Certains éditeurs font tout de même de la résistance et tentent d’opérer un retour vers l’arcade. Capcom en fait partie, notamment depuis le très surestimé Devil may cry. Problème : jusqu’à présent le résultat n’était pas toujours à la hauteur des classiques du genre. Evidemment, il y a l’orgasmique Viewtiful Joe qui ne devrait plus trop tarder à montrer le bout de son mini-DVD, l’aboutissement des expérimentations arcades de Capcom. En attendant, on assiste aux répétitions. Chaos legion, donc. Petit beat’em-all qui ne paye pas de mine mais sur lequel on aurait bien misé notre tête dans le genre pendant bourre-pif au shoot-cheap-mais-jouissif P.N.Ø3. Les deux jeux partagent d’ailleurs ce même design monochromatique et je-m’en-foutiste, futuriste pour l’un, gothique-fantastique pour l’autre. Malheureusement, si P.N.Ø3 était sauvé par une jouabilité aussi perfectible que novatrice, Chaos legion, de son côté, ne propose rien qui puisse transcender l’apparente pauvreté de son esthétique. C’est un beat’em-all classique, dont le scénar’ mystico-apocalyptique s’inspire d’un manga dont on n’avait jamais entendu parler. On y incarne Sieg, un teuton rouquemoute poseur, poursuivant une caricature de méchant japop -longue chevelure argentée, mysanthropie condescendante- répondant à l’impayable patronyme français de Victor Delacroix (sic). De ruines désolées en cathédrales décaties, notre héros va devoir se frayer un chemin en massacrant quelques centaines de démons métallorganiques avant de pouvoir affronter sa Nemesis frenchie. Pour le soutenir dans son harassant génocide, Sieg peut invoquer des bestioles vindicatives, les « legions » du titre, qui pourront combattre à ses côtés. Variées -des classiques épéistes aux kamikaze qui se précipitent sur les ennemis pour exploser-, évolutives et plus ou moins indispensables selon le type de monstre rencontré. C’est LA petite touche d’originalité du jeu, ce petit côté PokéGoth dont on se serait largement contenté pour plonger, avec délice, dans les affres d’un beat’em-all compulsif et défouloir.
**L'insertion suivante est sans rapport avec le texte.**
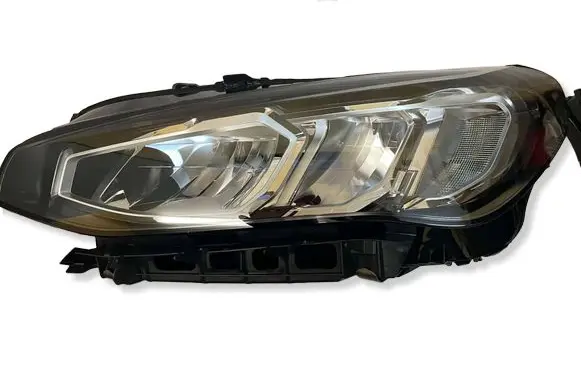 BMW 2 Active Tourer U06 Headlight/headlamp 5A42243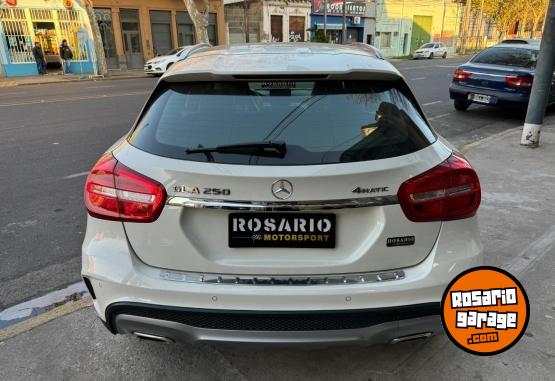 Autos - Mercedes Benz GLA 250 2017 Nafta 61100Km - En Venta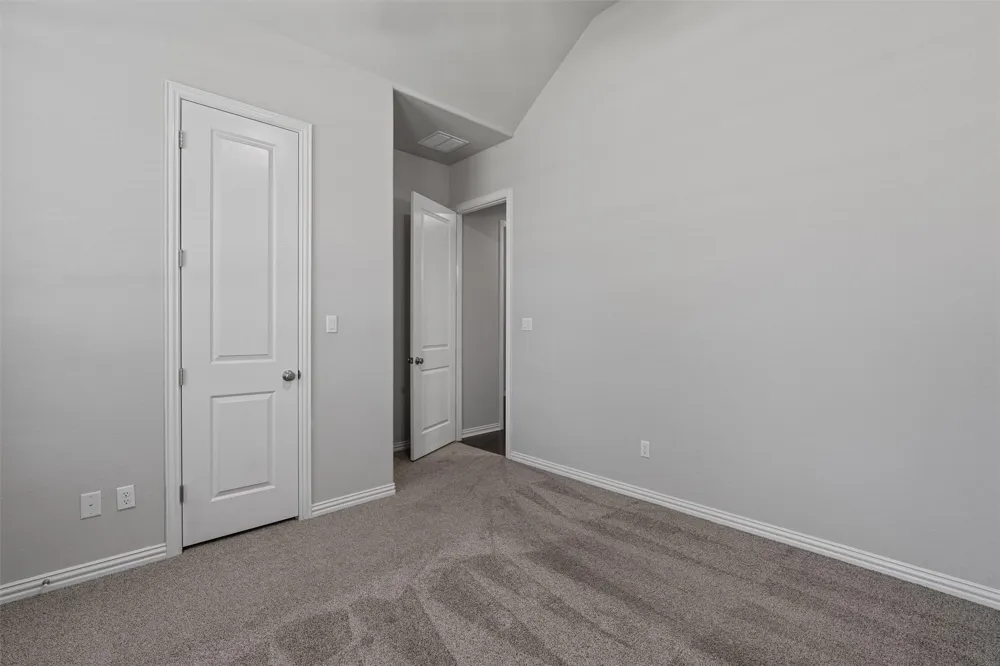 404 Miracle Rose Way Liberty Hill, TX 78642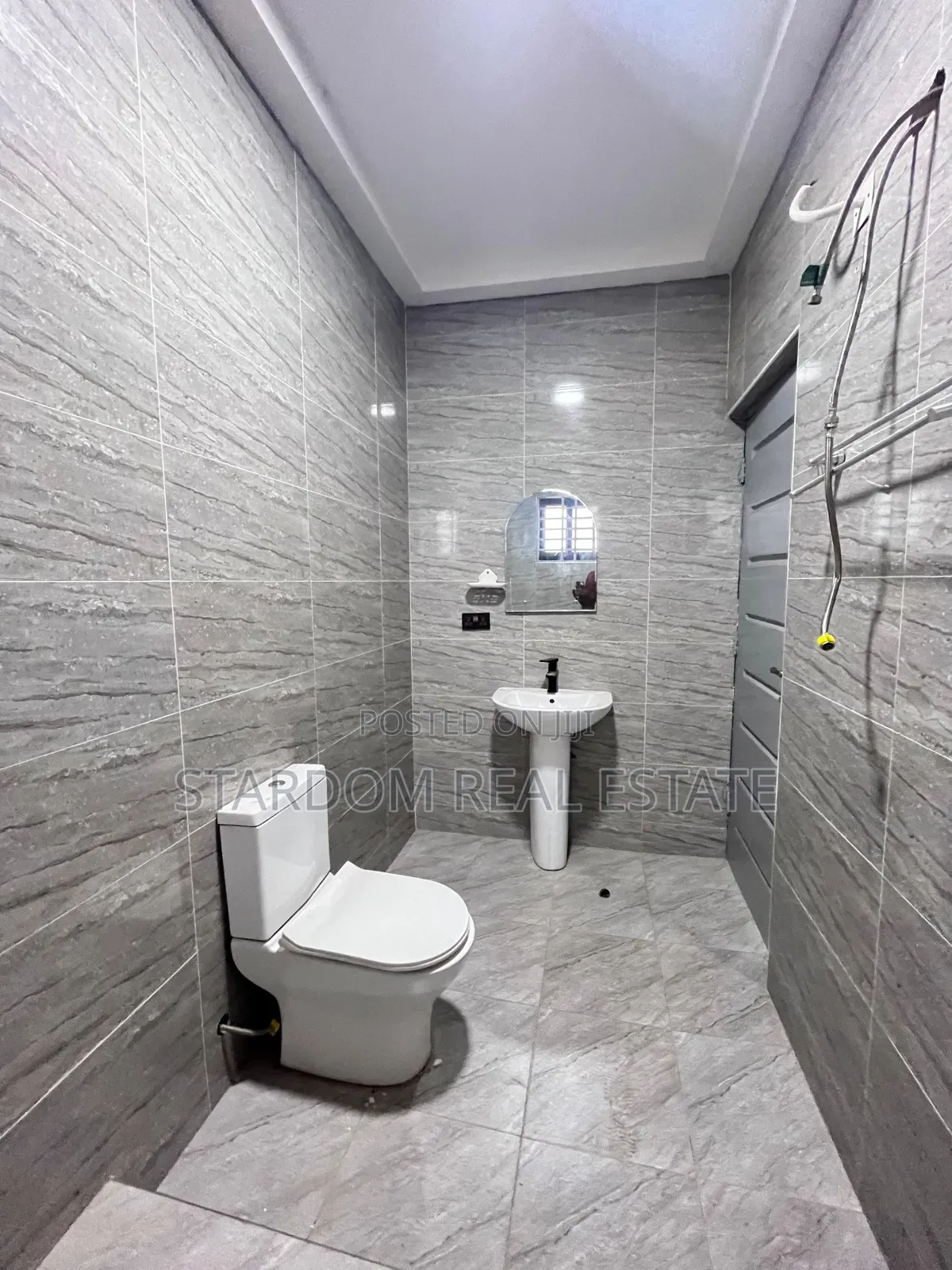 2bdrm Apartment in Starbite, Ashaley Botwe for rent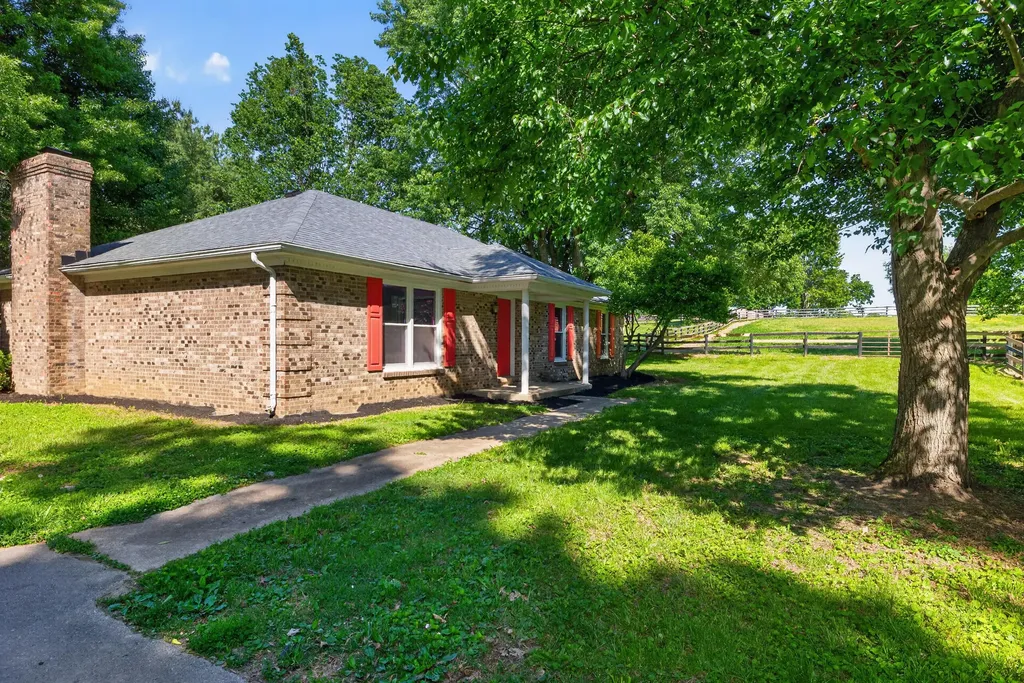 1090 Delaney Ferry Road Nicholasville KY 40356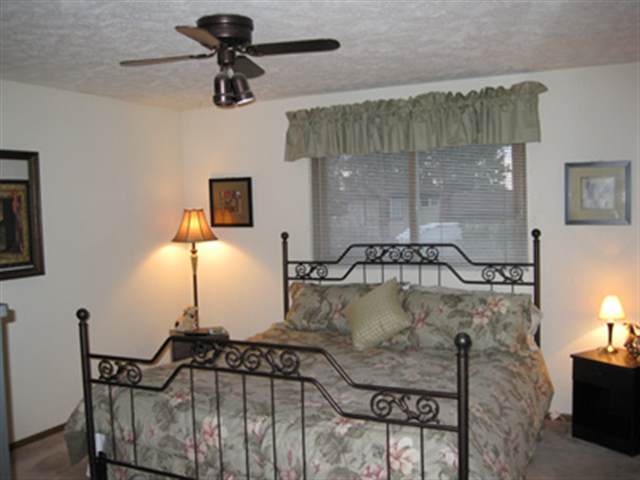 7523  N Fredericksburg Ct - Photo 6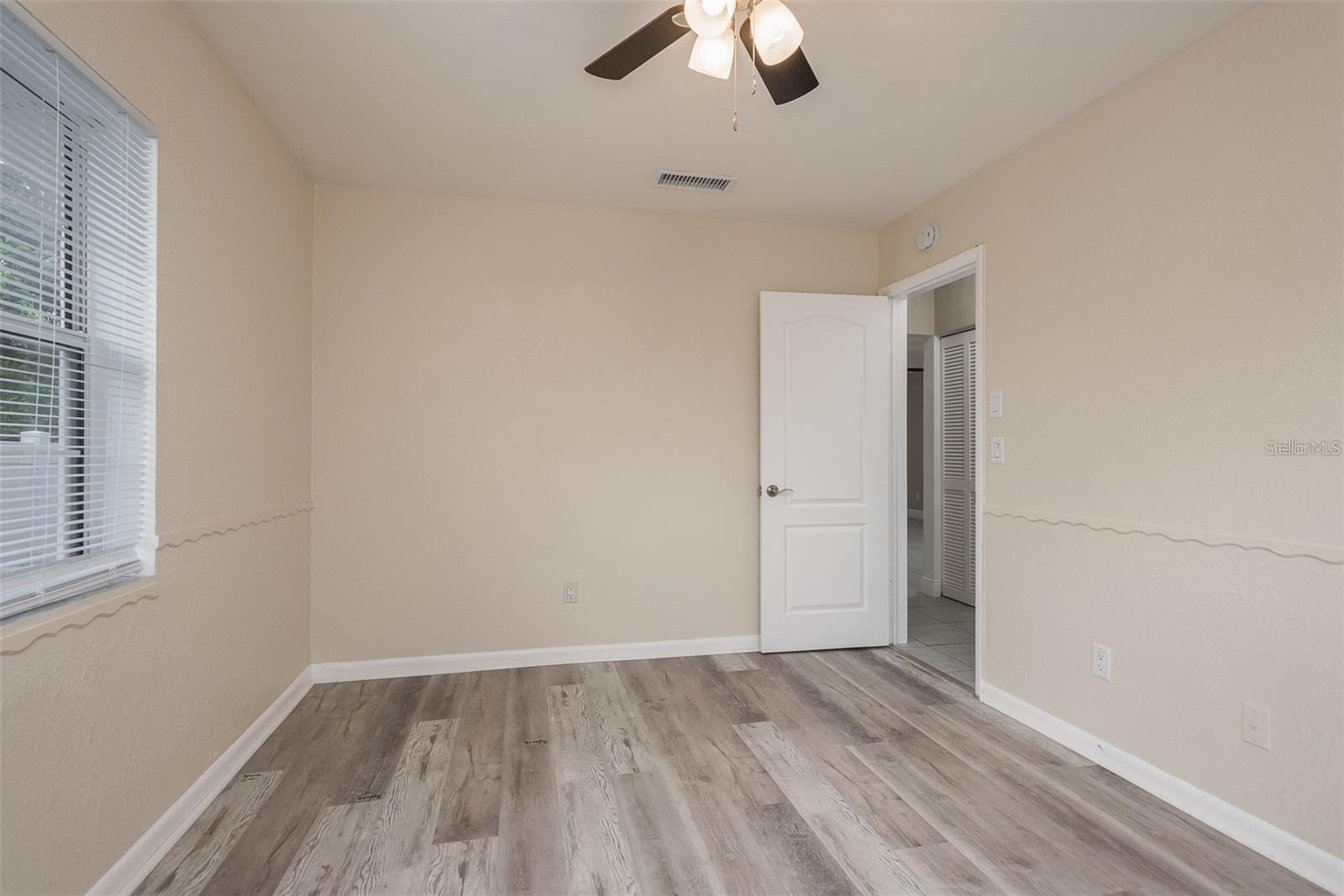 Image 7 of 18 For 6502 Spring Hill Drive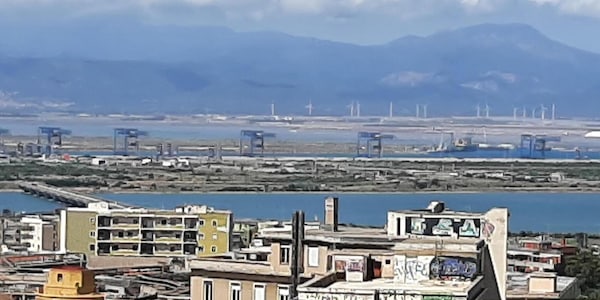 Schiacciato da tubi, operaio morto al porto industriale di Cagliari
Malheureusement, une fois de plus, les concepteurs du jeu n’ont pas voulu assumer jusqu’au bout leur concept arcade. Après un Devil may cry bâtardisé par des relents de survival-horror, Chaos legion tente maladroitement de surfer sur le succès de Dynasty warriors. Une petite touche de stratégie guerrière, mais dans des zones bien plus limitées que les immenses champs de bataille du jeu de Koei. La plupart du temps, il faudra faire tout son possible pour détruire une cible particulière, une sorte de généralissime amorphe, âprement défendu par des hordes d’insectoïdes nettement plus coriaces. Le jeu n’en demeure pas moins linéaire et répétitif et, en contrepartie, il perd énormément en dynamisme. D’autant que les monstres sont parfois un peu longuets à trépasser à la seule force de l’épée. Entre la relative lenteur de Sieg et un gameplay qui pousse le gamer trouillard à laisser combattre ses legions, Chaos legion apparaît souvent trop mou, ce qui est plutôt fâcheux pour un beat’em-all. Nous, ce qu’on voulait, c’est déchiqueter du démon en masse, bouffer des polygones monstrueux par milliers, se repaître d’un massacre orchestral. Evidemment, Chaos legion est encore loin de la balade de santé gentillette. Mais dans le genre beat’em-all orgiaque et primal, c’est une fois de plus un coup dans l’eau.